Friday, May 19, 2006

Bad News from Darfur

The peace accord between Sudan and one of the rebel groups seems to have had little effect - Darfur Effort Said to Face Collapse
Jan Egeland, the chief United Nations aid coordinator, told the Security Council today that conditions in Darfur had deteriorated so drastically that the international assistance effort there faced collapse in weeks.
Lydia Polgreen of the NY Times also reports that Violent Rebel Rift Adds Layer to Darfur's Misery
Two of the main rebel factions fighting the Sudanese government and its allied militias have turned on each other, spurred by ethnic tensions and what appears to be a relentless grab for more territory. Now the rebels have unleashed a tide of violence against the very civilians they once joined forces to protect.

"Right now, we don't have any security problem with the government forces or with the janjaweed," said Lt. Col.
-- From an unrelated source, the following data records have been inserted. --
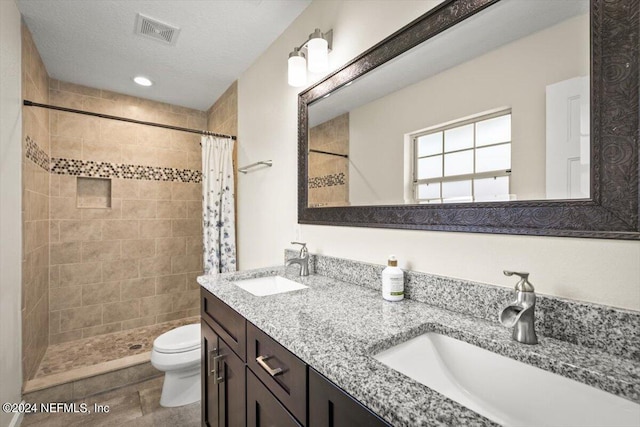 bathroom with vanity, toilet, a textured ceiling, and walk in shower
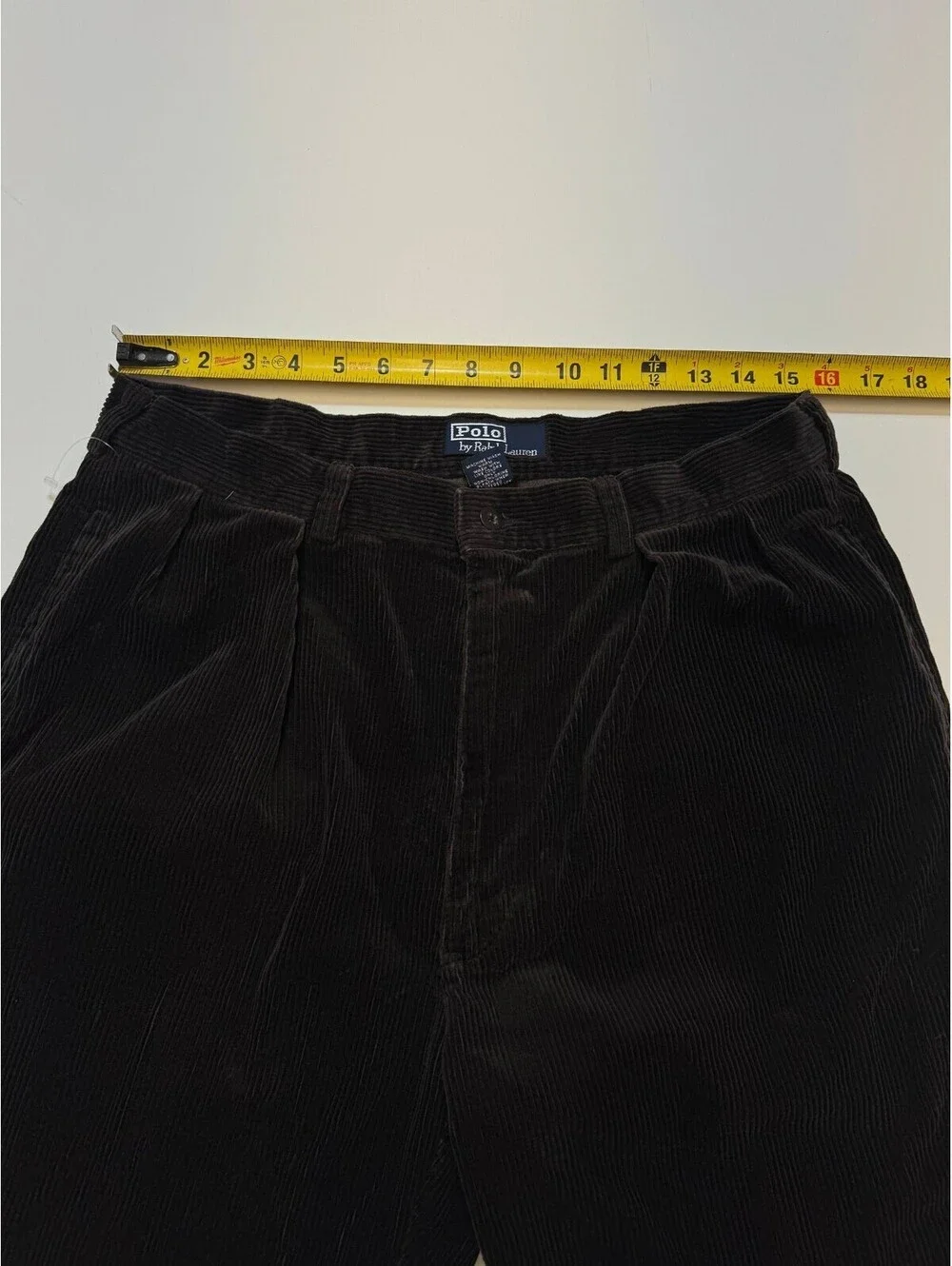 Polo Ralph Lauren Polo Cords Mens 35x32 Brown Corduroy Pleated Pants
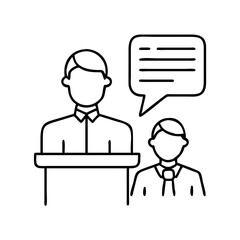 testimony icon, testimony line art - simple line art of testimony, perfect for testimony logos and icons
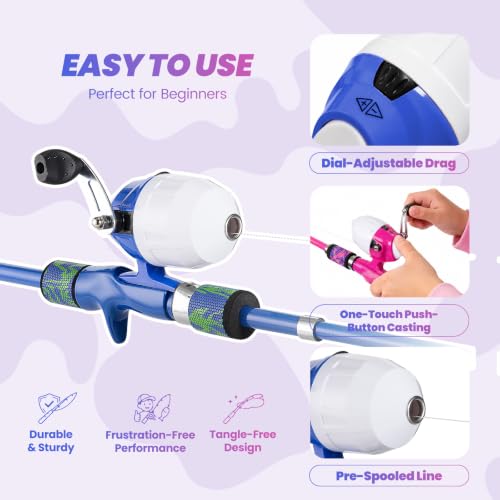 Kids Fishing Pole (Blue & Pink / 3.94-ft Set)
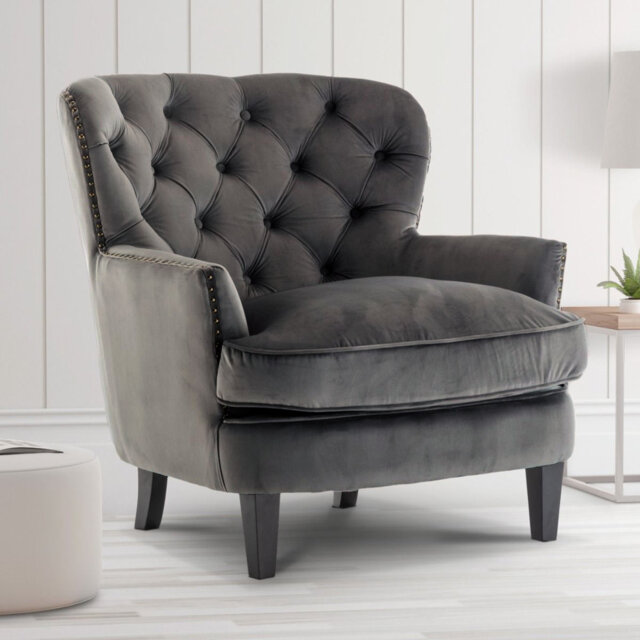 Higgenbotham Velvet Wingback Accent Chair with Button-Tufted Back and Nailhead Trim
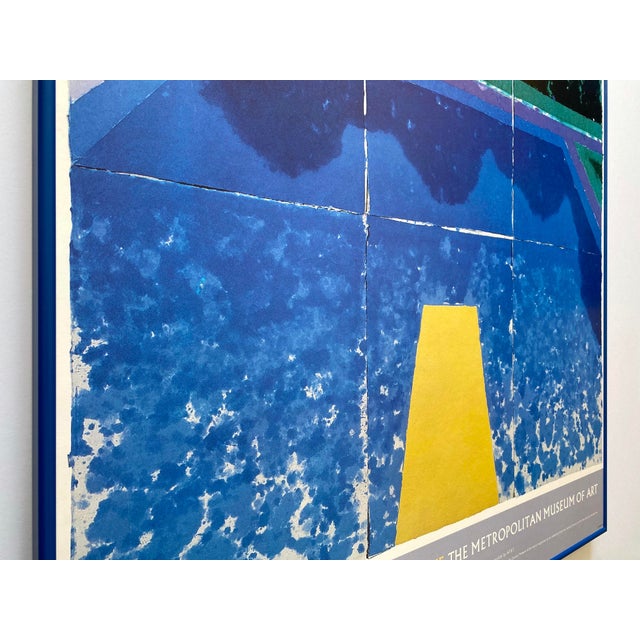 Royal Blue David Hockney Vintage 1988 Pop Art Lithograph Print Framed Museum Exhibition Poster " Day Pool With Three Blues ( Paper Pool #7 ) " 1978 For Sale - Image 8 of 17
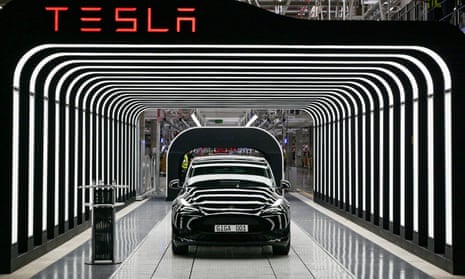 Tesla Model Y cars at the opening of a factory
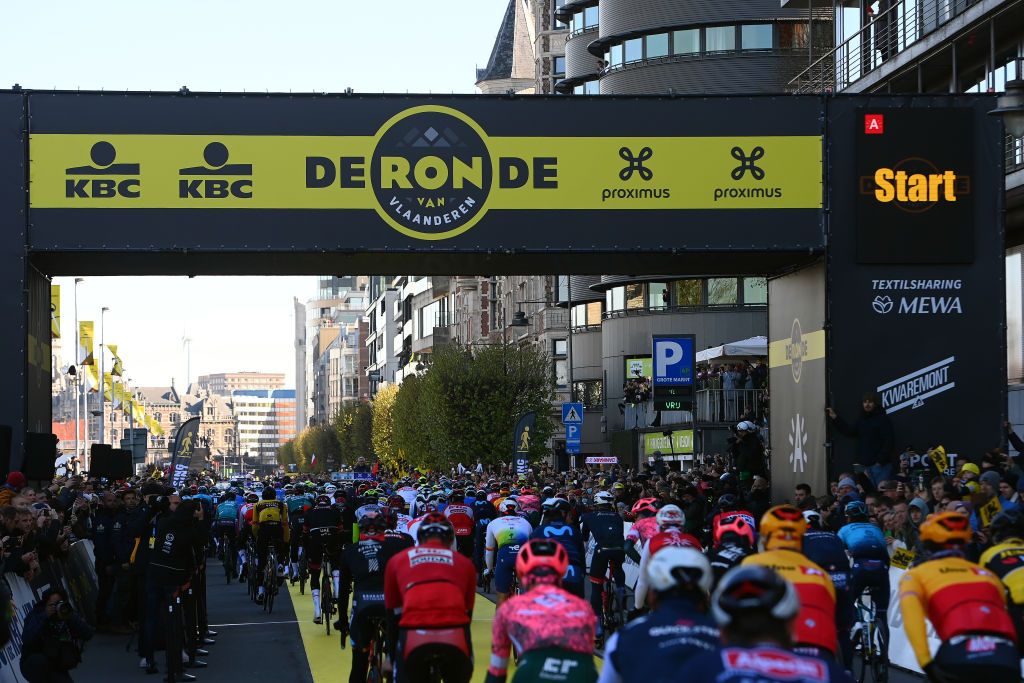 The riders roll out of the start of the Tour of Flanders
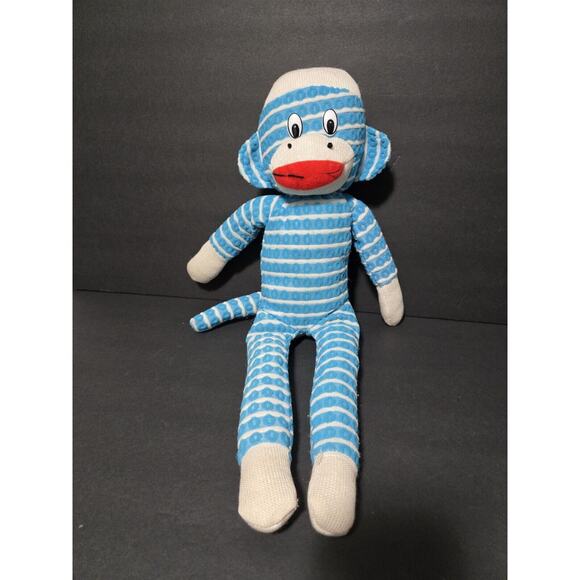 Sock Monkey Blue & Green Striped Plush Street Players 2009 Stuffed Animal 17.5” - Picture 1 of 12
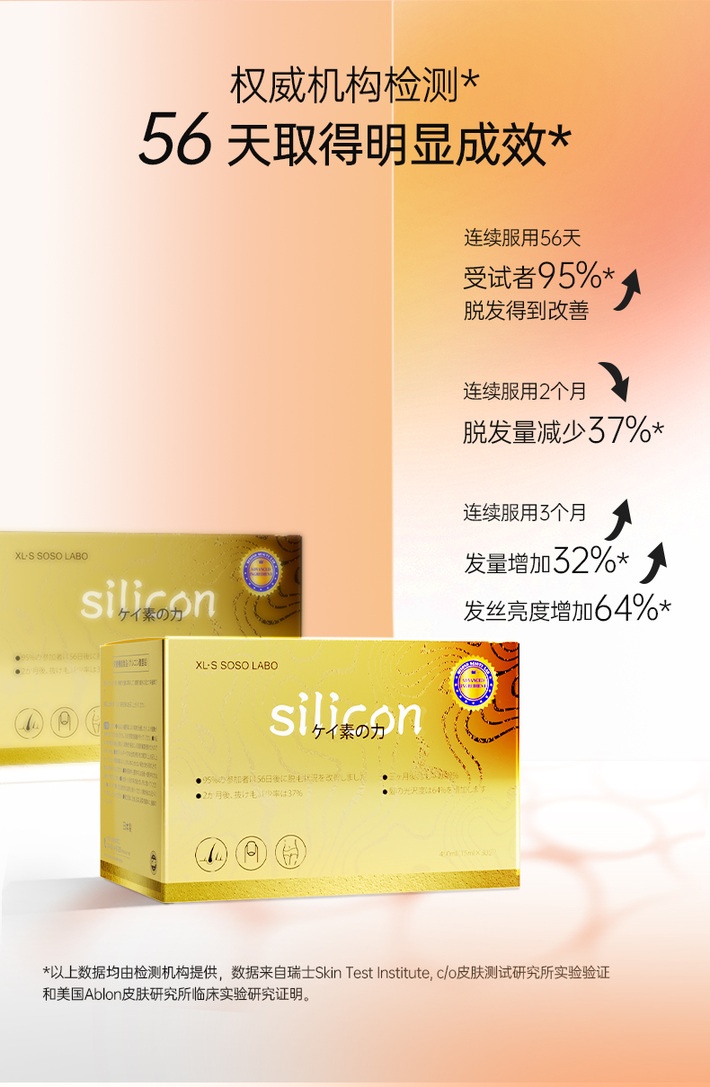 商品[国内直发] XLSSOSOLABO|【3盒装】日本水溶性硅元素养护生发增发饮15ml*30条/盒,价格¥1031,第5张图片详细描述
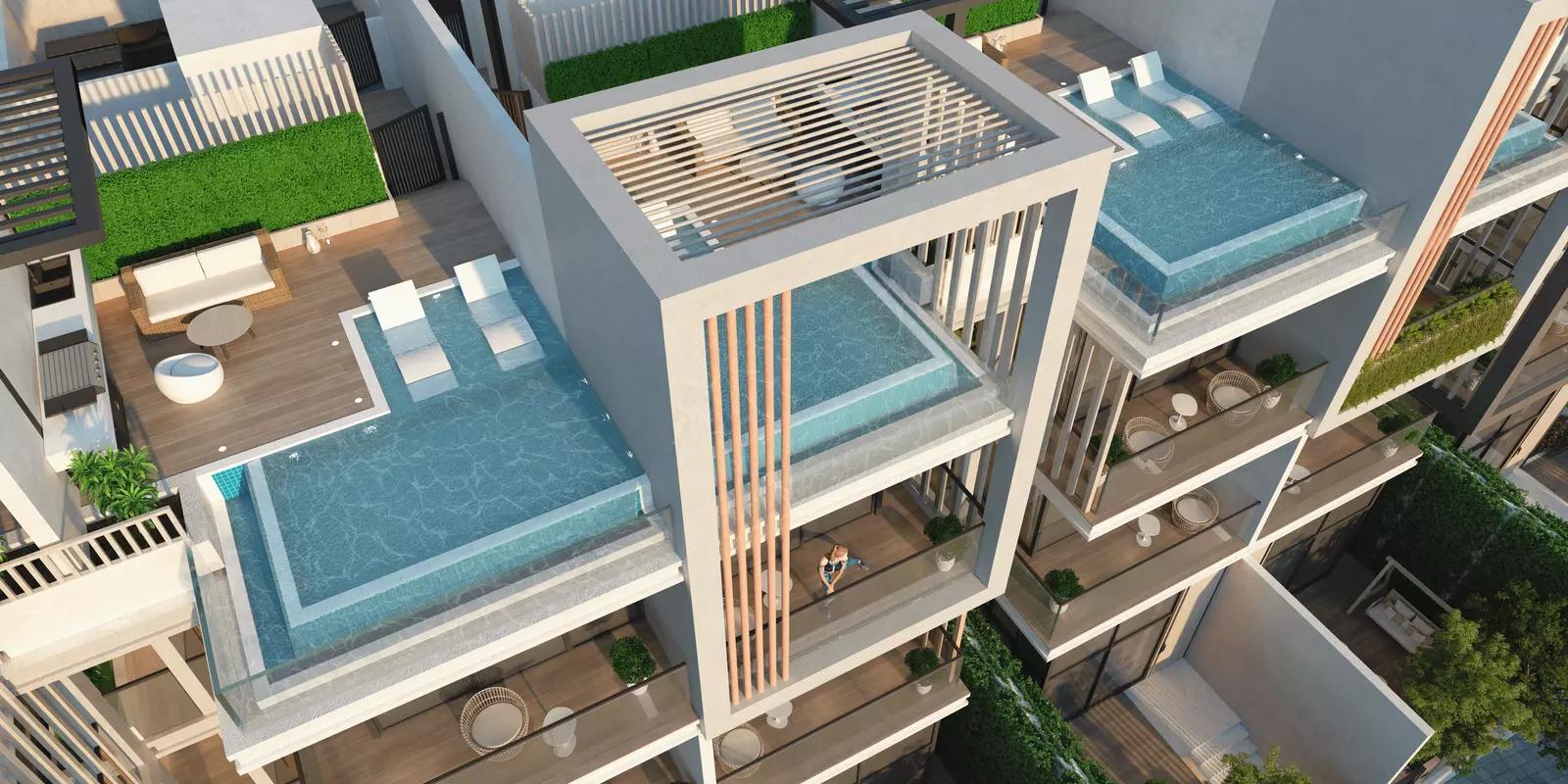 La Perla Homes 10 community facilities including beach club and tennis courts, JVC, Dubai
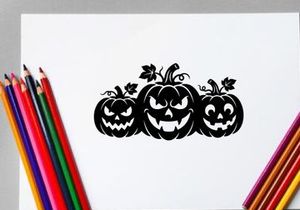Silhouettes of three carved Halloween pumpkins with vines and leaves
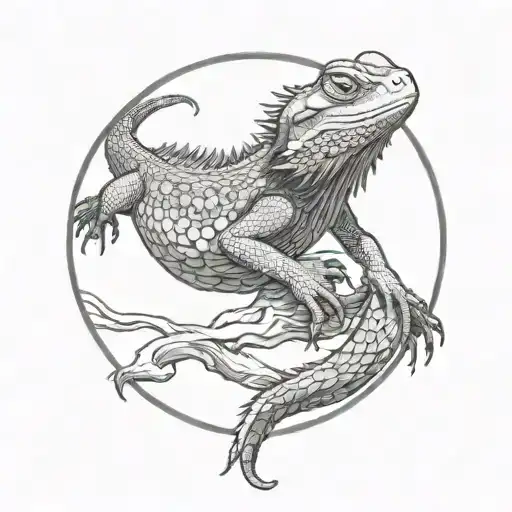 Bearded Dragon Moon Surrounded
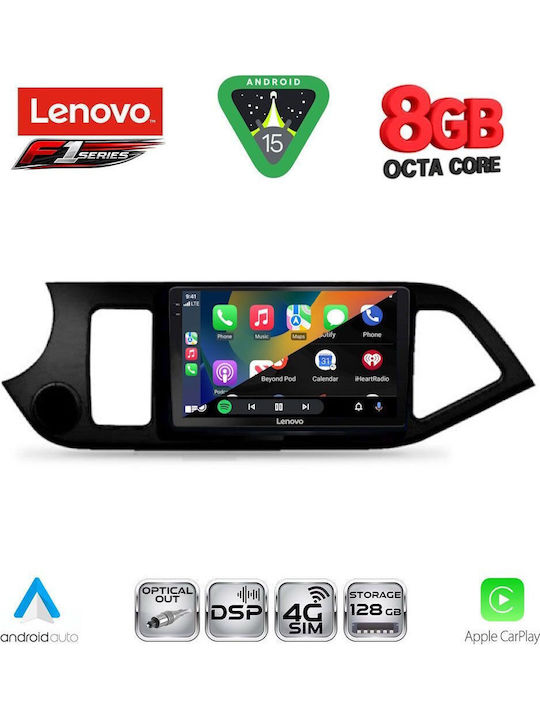 Lenovo Car Audio System for Kia Picanto 2011-2017 (Bluetooth/USB/WiFi/GPS/Apple CarPlay/Android Auto) with 9" Touch Screen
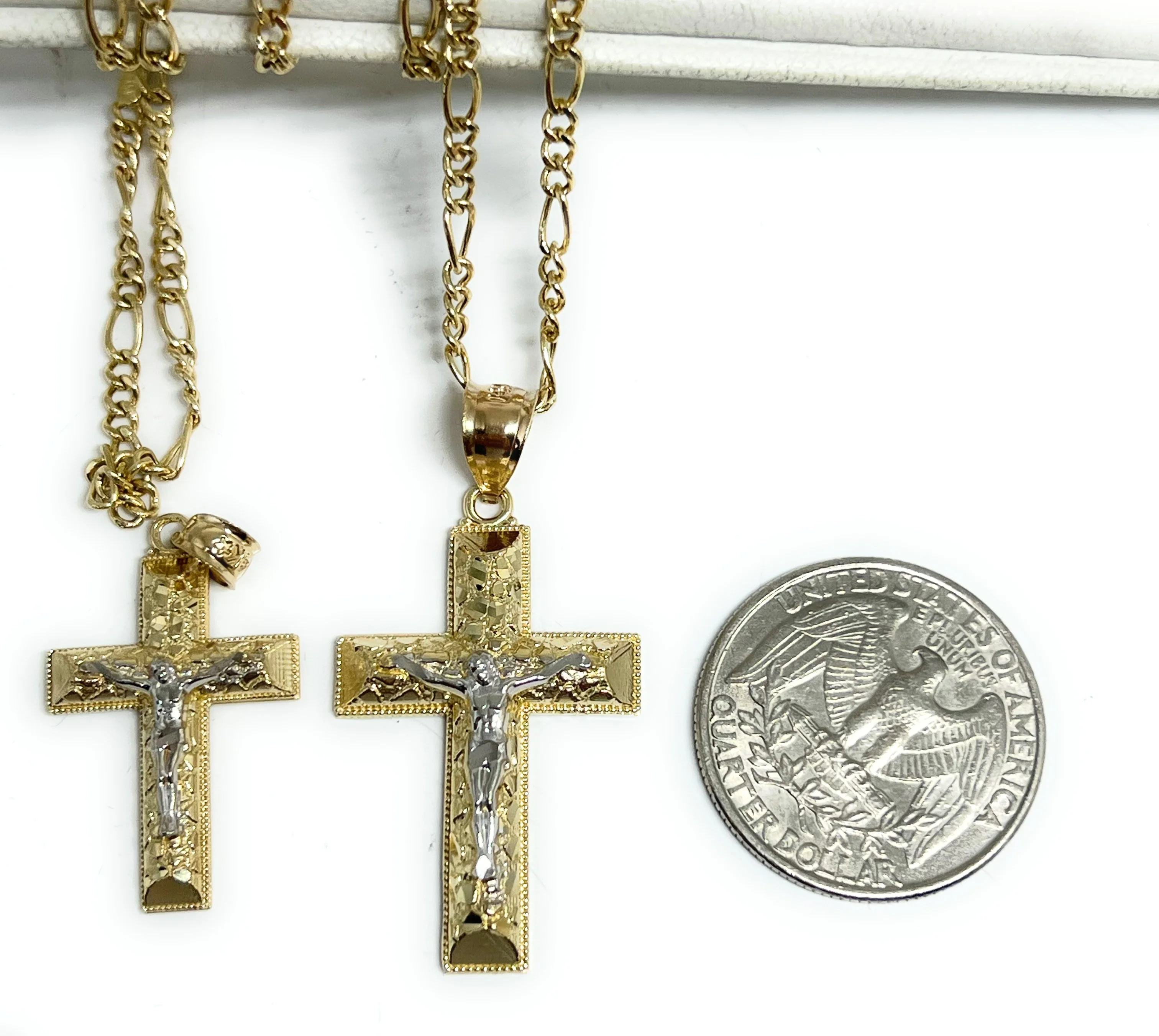 14k Solid Gold Yellow 2-Tone Jesus Cross Crucifix NUGGET Pendant Necklace (MED,SM) - Image 3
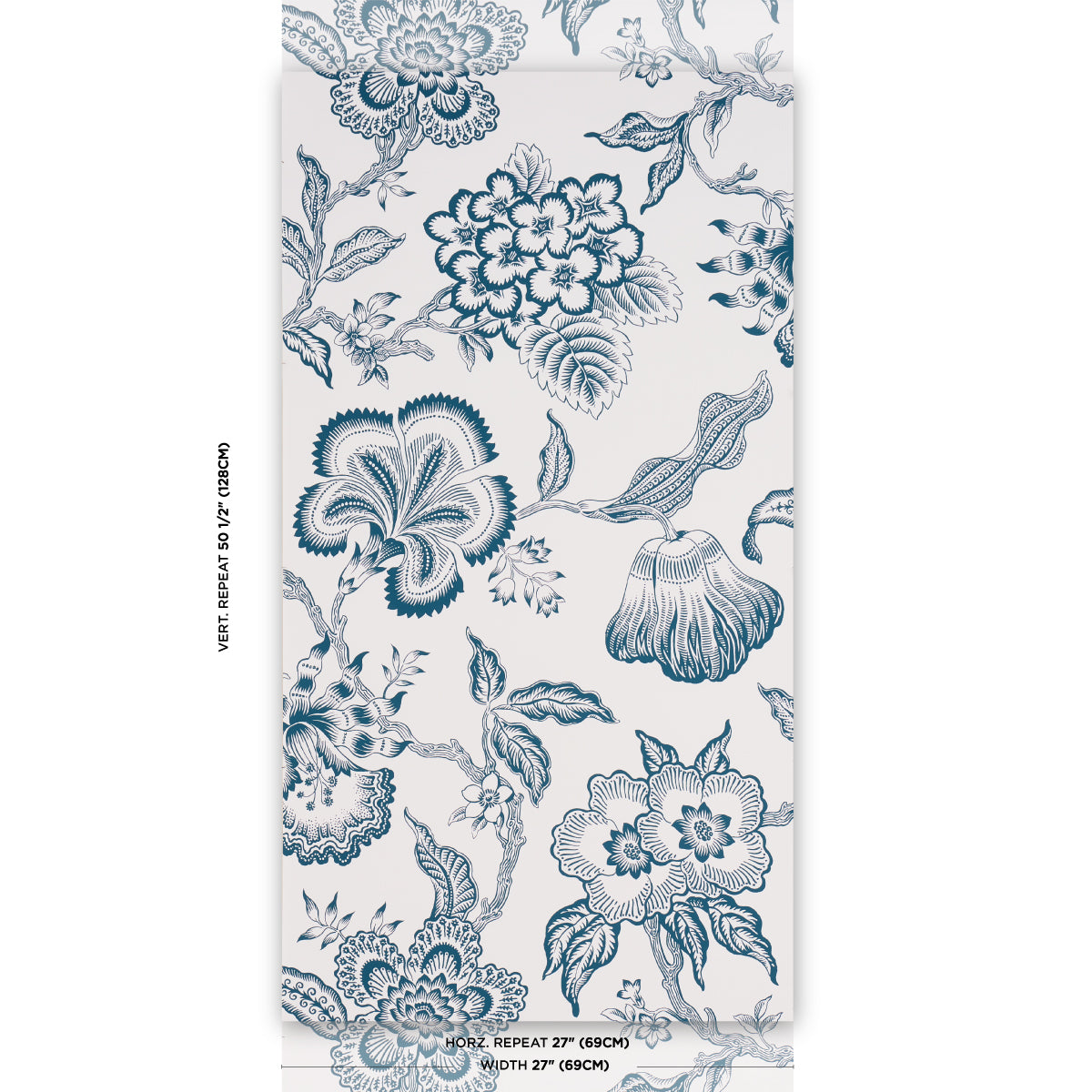 Blue floral toile wallpaper panel on white with a peacock silhouette; chinoiserie-inspired botanical design.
Wisdom Bleboo, the commander of 140 African Union troops based in nearby Tawila, referring to the Arab militias that have terrorized the people of Darfur in recent years. "It is only the fighting between the rebel factions that is causing us trouble."

The tactics of the rebels have grown so similar to those of their enemies that an attack on this dusty village on April 19 bore all the marks of the brutal assault that first forced its people to flee their homes three years ago. Soldiers in uniform, backed by men toting machine guns on camels, flooded the village, burning huts, shooting, looting and raping.

Only this time, the soldiers were not government troops, as they had been before. Nor were the men on camels and horseback the fearsome janjaweed, who often destroy villages alongside government forces in a campaign of state-supported murder and rape that the Bush administration has called genocide.

Instead, last month's attack came from a faction of the Sudan Liberation Army, the same rebel movement that says it wants to liberate the non-Arab people of Darfur from the yoke of Arab domination. Alongside the rebels were armed nomadic herdsmen from the Zaghawa, a non-Arab tribe that is supposedly fighting for the people of Darfur against the government.